## Prompt
Copy the data that appears below exactly. Drop the pictures.
-- Excerpted records follows --
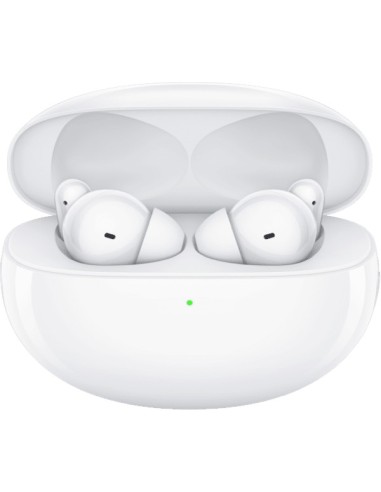OPPO Enco Free 2 W52 White Auriculares Dentro de oído Blueto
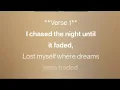 Post Malone - Nosedive (Lyrics) ft. Lainey Wilson 🎵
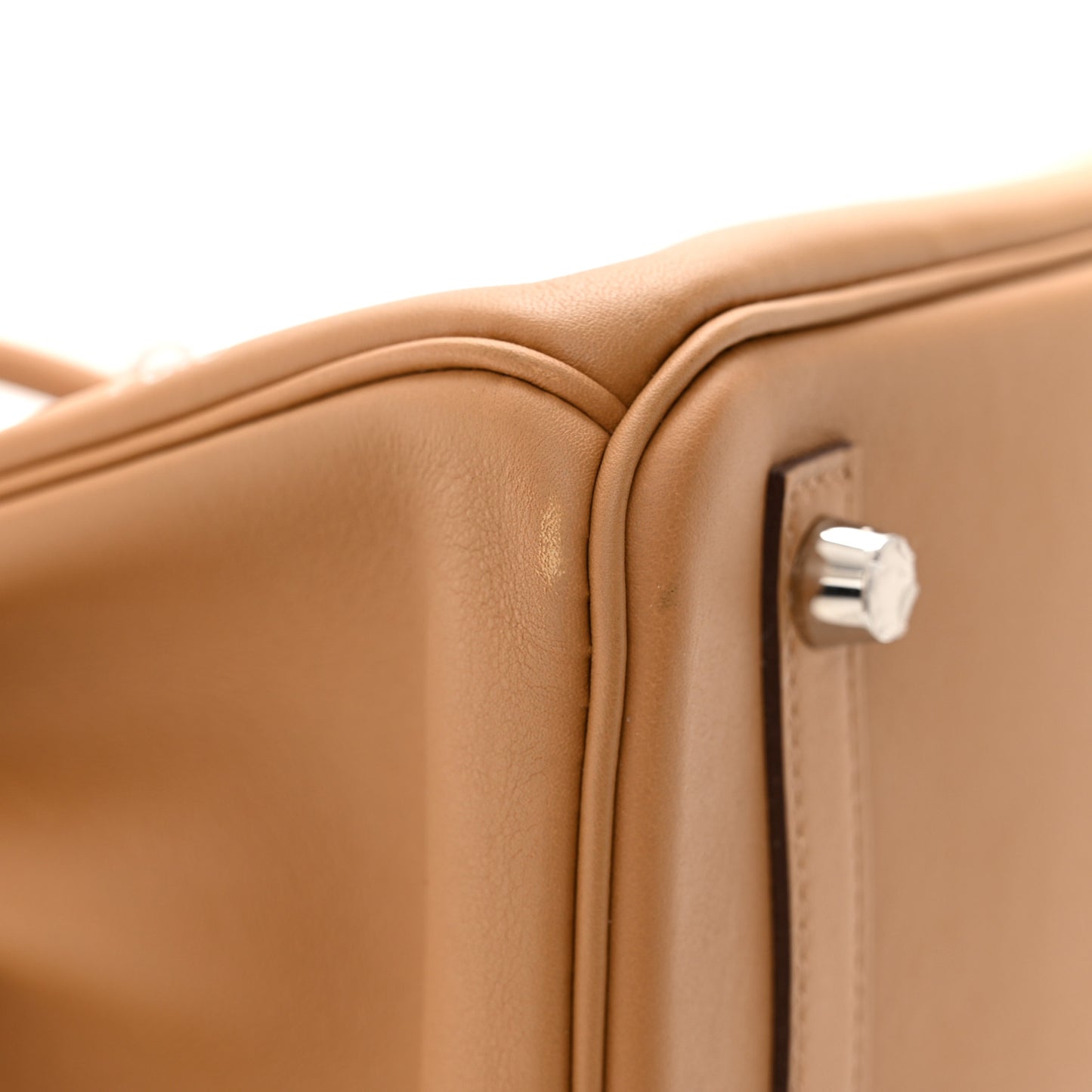 Swift In & Out Birkin 25 Biscuit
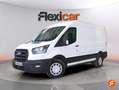 Ford Transit 310 EB Hybrid 130CV Blanco - thumbnail 3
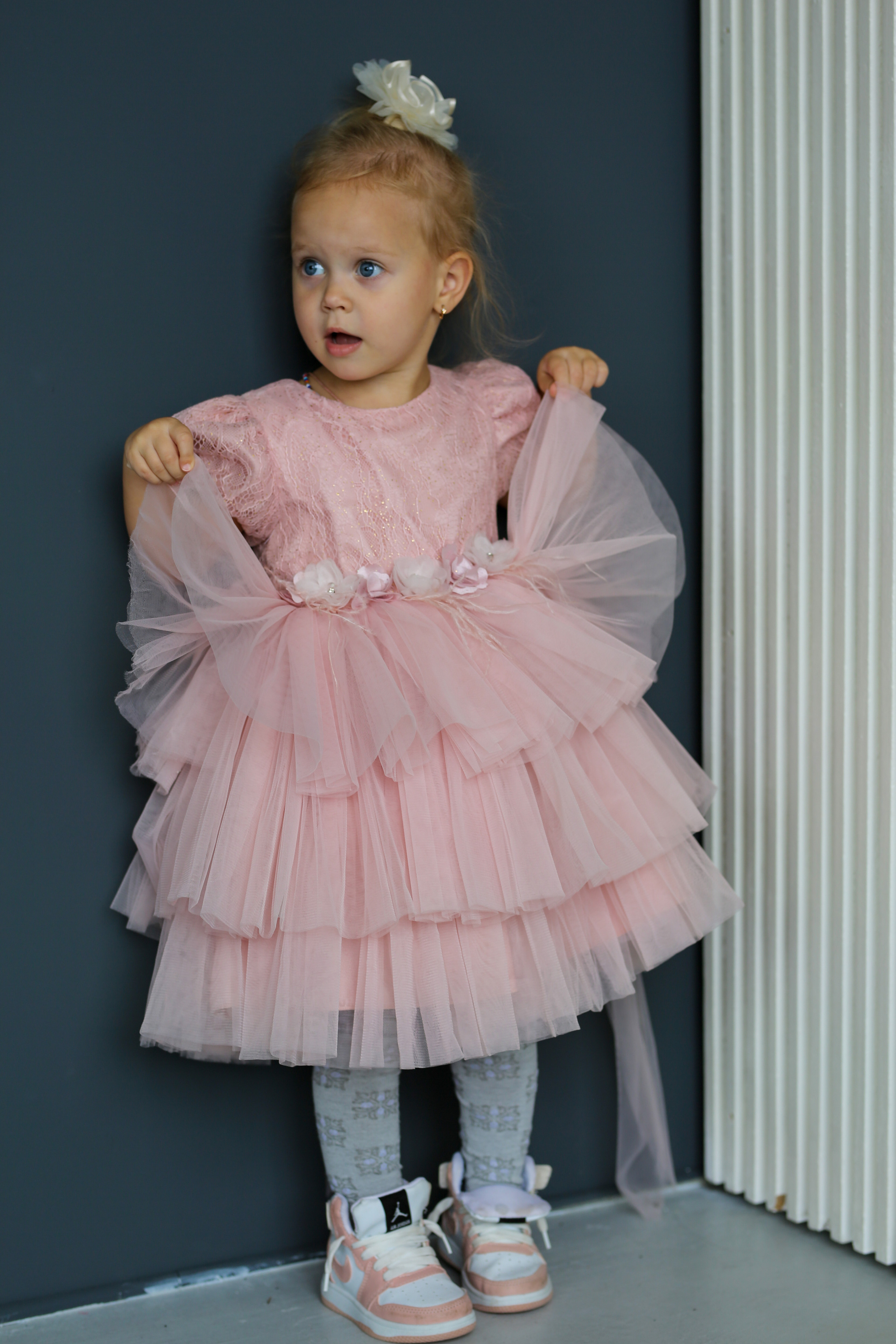 Детский портрет. Фотограф в Дзержинске и Нижнем Новгороде Мария Лунюшкина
-- Excerpted records concluded --
## Result of this exercise
OPPO Enco Free 2 W52 White Auriculares Dentro de oído Blueto
 Post Malone - Nosedive (Lyrics) ft. Lainey Wilson 🎵
 Swift In & Out Birkin 25 Biscuit
 Ford Transit 310 EB Hybrid 130CV Blanco - thumbnail 3
 Детский портрет. Фотограф в Дзержинске и Нижнем Новгороде Мария Лунюшкина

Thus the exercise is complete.